A real plan contract should look concrete:

Contract
acceptance 7
owned files 5
commands 3
risks 5
review focus 5
tasks 1
Acceptance Criteria
- derive_effective_policy has no cheap parameter.
- require gates remain require in pro and fast.
- suggest gates remain advisory regardless of cost.
- cost metadata remains available for display.
Owned Files
- pipeline/verification_selection.py
- tests/unit/pipeline/test_verification_selection.py
- .orcho/multiagent/plugin.py
- docs/architecture/verification_contract.md
- docs/adr/0117-verification-blocking-tier-independent-of-cost.md

In a deeper run, implementation may be split into subtasks.

ORCHO subtask 1/1 START: T1
goal: Decouple blocking tier from verification cost
runtime: claude
model: claude-opus-*
skill: orcho-core-quality-gates
done_criteria: 7
Attestation
7/7 done-criteria met
derive_effective_policy signature updated
dead cheap plumbing removed from blocking policy
guard tests added
docs and ADR pinned to the same table

This is where Orcho becomes more than “run a prompt.” The run can say what was planned, what was completed, and what evidence backs the claim.

For a larger run, subtasks can form a dependency graph. Read Plan contract and DAG for the deeper version: rejected plan rounds, operator handoffs, compact_dag implementation, per-subtask attestations, and final acceptance receipts.

Gates turn checks into durable evidence.

Verification gates - after_phase(implement)
env-provenance PASS
lint PASS
mcp-mock-smoke PASS
receipts
env-provenance.json
lint.json
mcp-mock-smoke.json

For serious work, this is often the trust layer that matters most. It answers whether required checks actually ran, not only whether the final message sounded confident.

Review and final acceptance are separate gates.

review_changes
verdict APPROVED
summary change matches the contract
final_acceptance
verdict APPROVED
ship_ready yes

This separation is intentional. A worker can complete implementation while a reviewer still rejects the delivery.

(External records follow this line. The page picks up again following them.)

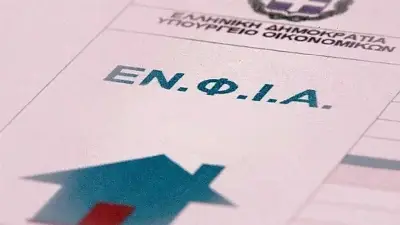 ΕΝΦΙΑ: Τι θα πληρώσουν φέτος οι πολίτες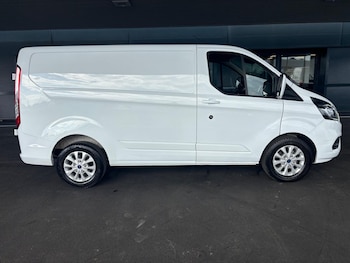 Used Ford Transit Custom 2022 for sale - 76138681: Photo
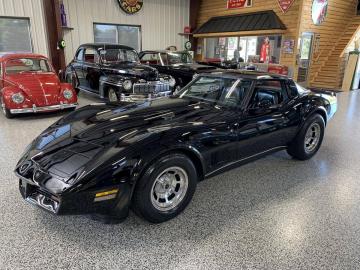 1980 Chevrolet Corvette V8 1980 Prix tout compris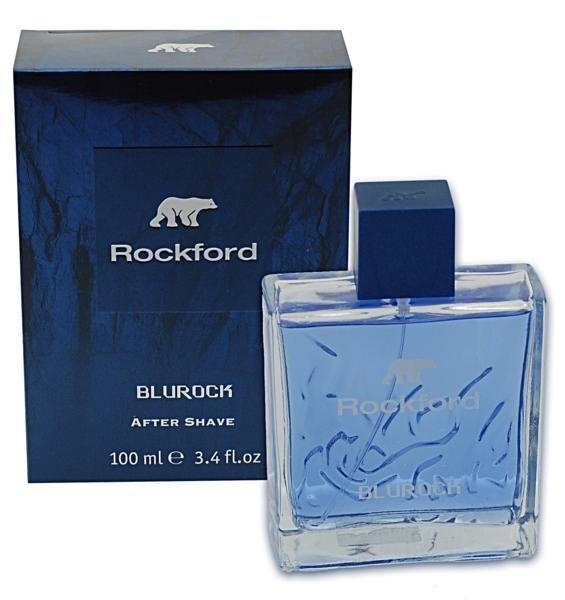 ROCKFORD BLUROCK AFTER SHAVE UOMO 100 ML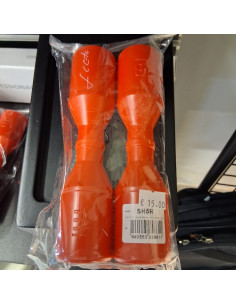 MEINL SH5R Red Studio Shaker 2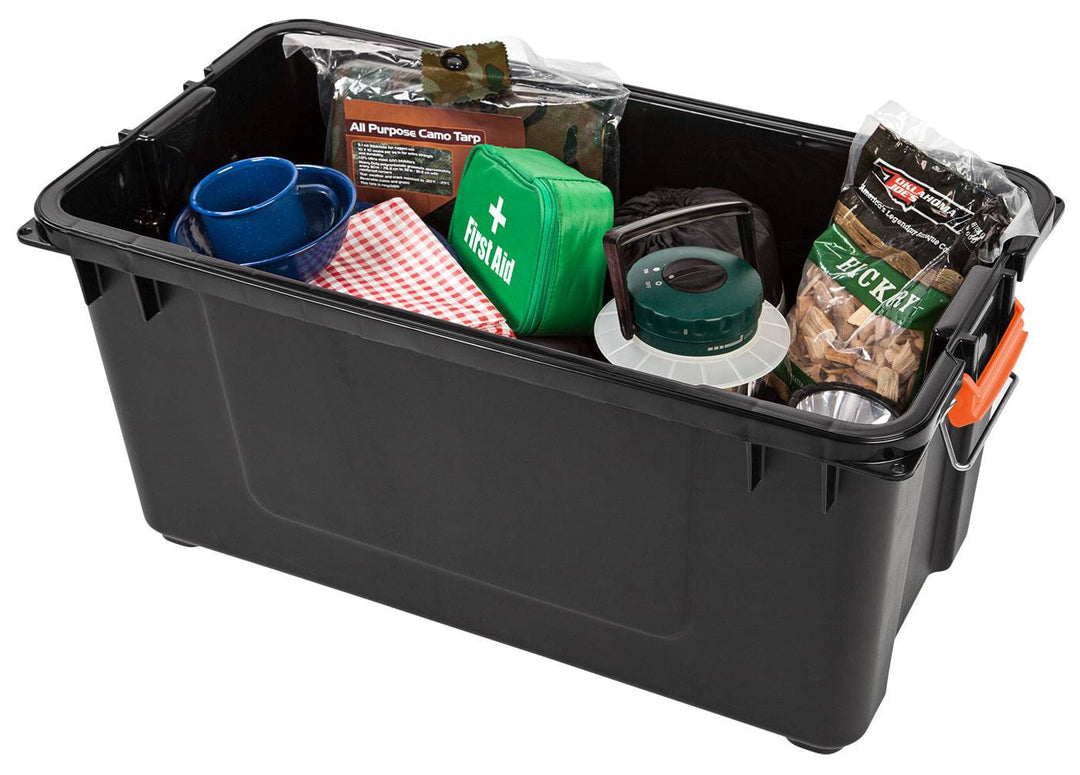 Heavy-Duty Plastic Storage Bins - IRIS USA, Inc.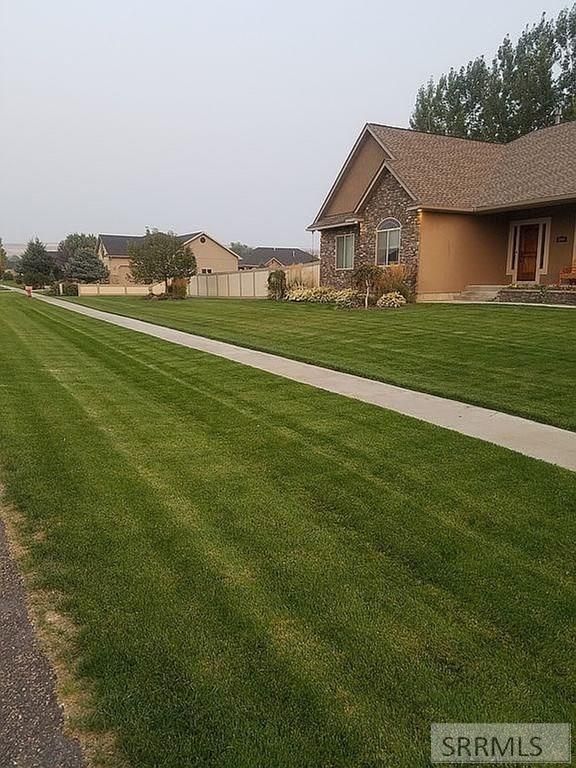 Image 35 of property listing at 5050 E Tildy Lane, Ammon, ID 83401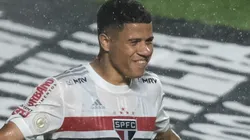 Marcello Zambrana/AGIF - Gabriel Sara, atacante.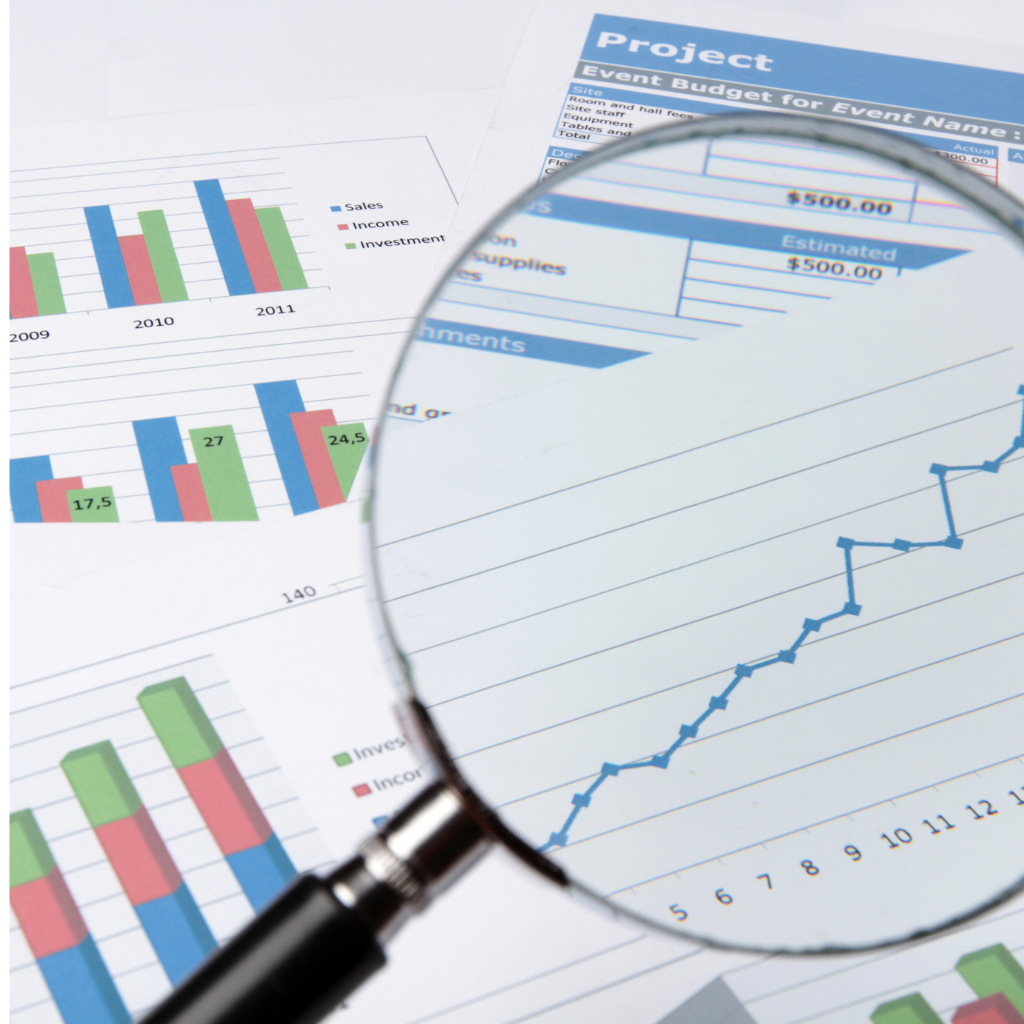 Trackers and Templates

A final acceptance gate can approve, reject, or require follow-up action.

The end of a run should summarize outcome and cost.

✓ plan · 254.1s · $1.522
Orcho prompt 2.9k tokens
Provider input 791.6k tokens (90% cached, ~$1.23 saved)
Runtime overhead 788.7k tokens
Response 17.5k tokens
Activity tools=13 calls
✓ implement:subtask:T1 · 359.9s · $2.837
Orcho prompt 4.1k tokens
Provider input 2.7M tokens (97% cached, ~$2.46 saved)
Runtime overhead 2.7M tokens
Response 27.0k tokens
Activity tools=34 calls

Usage and cost are not decoration. They help decide whether the profile depth was justified for the task. For a deeper operating view, read Cost accounting.

Use this page after the first-run pages:

  1. Profile semantics explains why profile comes first.
  2. Watch the run explains the live stream.
  3. Read the result explains post-run inspection.
  4. This page shows how the same ideas scale into a real feature run.
  5. Plan contract and DAG shows how a large blast radius becomes controlled subtasks and release gates.

The principle stays the same: start with the simple shape, then reveal the deeper machinery only when the reader is ready for it.